Joseph understood that God’s call was what led him into Egypt. Not the perfidy of his brothers. Upon their reunion he explained to them that it was God, not them, that sent him to Egypt for a special mission “Then Joseph said to his brothers, ‘Come close to me.’ When they had done so, he said, ‘I am your brother Joseph, the one you sold into Egypt! And now, do not be distressed and do not be angry with yourselves for selling me here, because it was to save lives that God sent me ahead of you. For two years now there has been famine in the land, and for the next five years there will be no plowing and reaping. But God sent me ahead of you to preserve for you a remnant on earth and to save your lives by a great deliverance.’”
Joseph’s willingness to patiently wait for God’s plan to unfold for him is inspirational. It couldn’t have been easy and, at times, probably very frightening. I think this is something to which we can all relate. How does our vision for our life match up to God’s? How do we reconcile the differences?
Maybe Joseph felt bitterness about his changed circumstances, but it isn’t evident from the scriptures Joseph – rather than being bitter found ways to serve irrespective of his circumstances. Finding a place to serve where God intends, rather than where we think that place might be, demonstrates humility that is not easy.

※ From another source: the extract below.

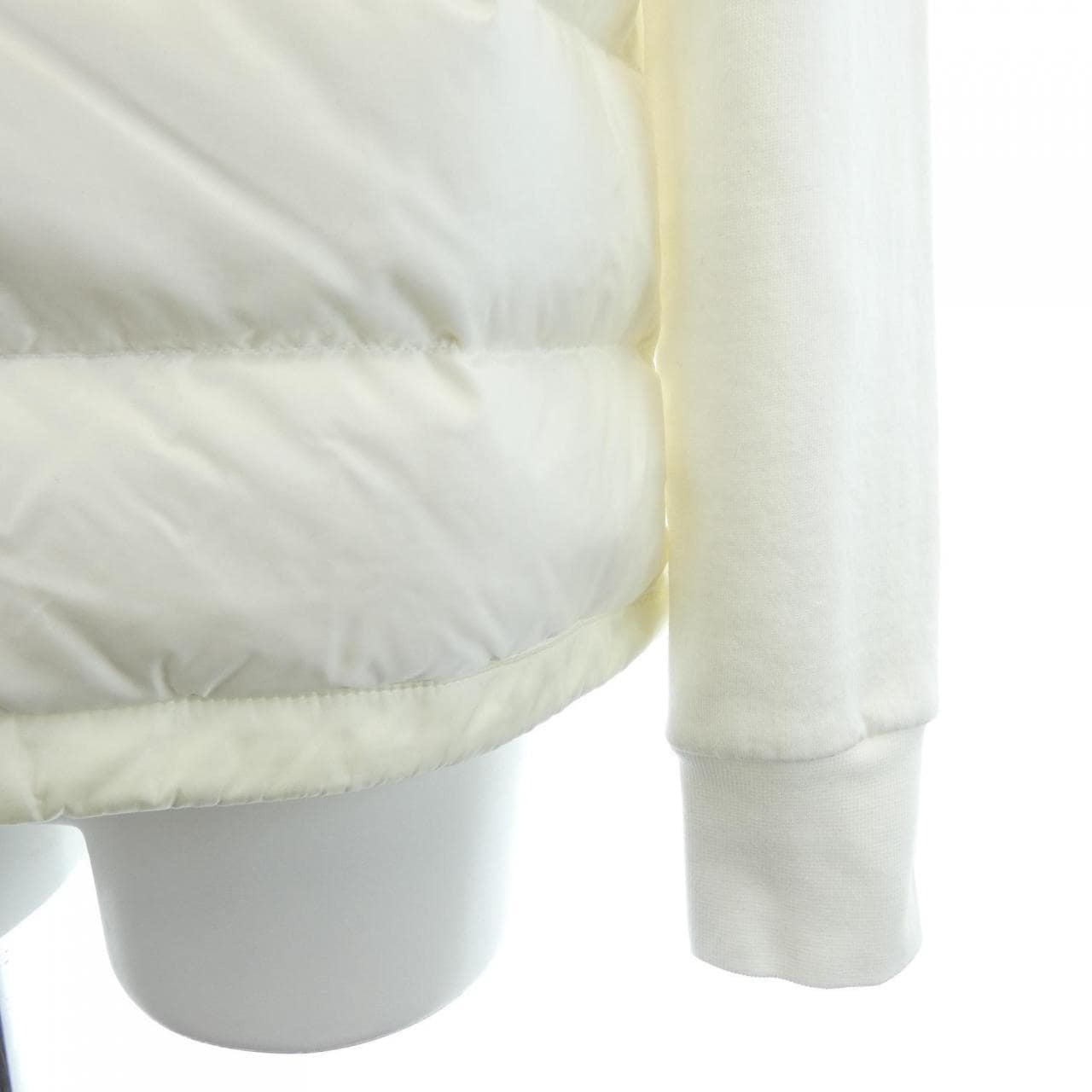 モンクレール MONCLER 10938G50300 ダウンジャケット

In Jeremiah 29:13 we learn: You will seek me and find me when you seek me with all your heart. Today I suggest that we follow the inspirational example of Joseph and his patience through adversity as he waited to better understand his call. Discernment to call can be a life-long process. God’s call to us may be different at the various seasons of our life and they may become evident during times of adversity. In Hebrews we learn that faith is the substance of things hoped for, the evidence of things not seen. Waiting can be discouraging, it can test our patience and our faith. I know from personal experience this can be true. It is my prayer that we will be blessed as we answer God’s calls to us.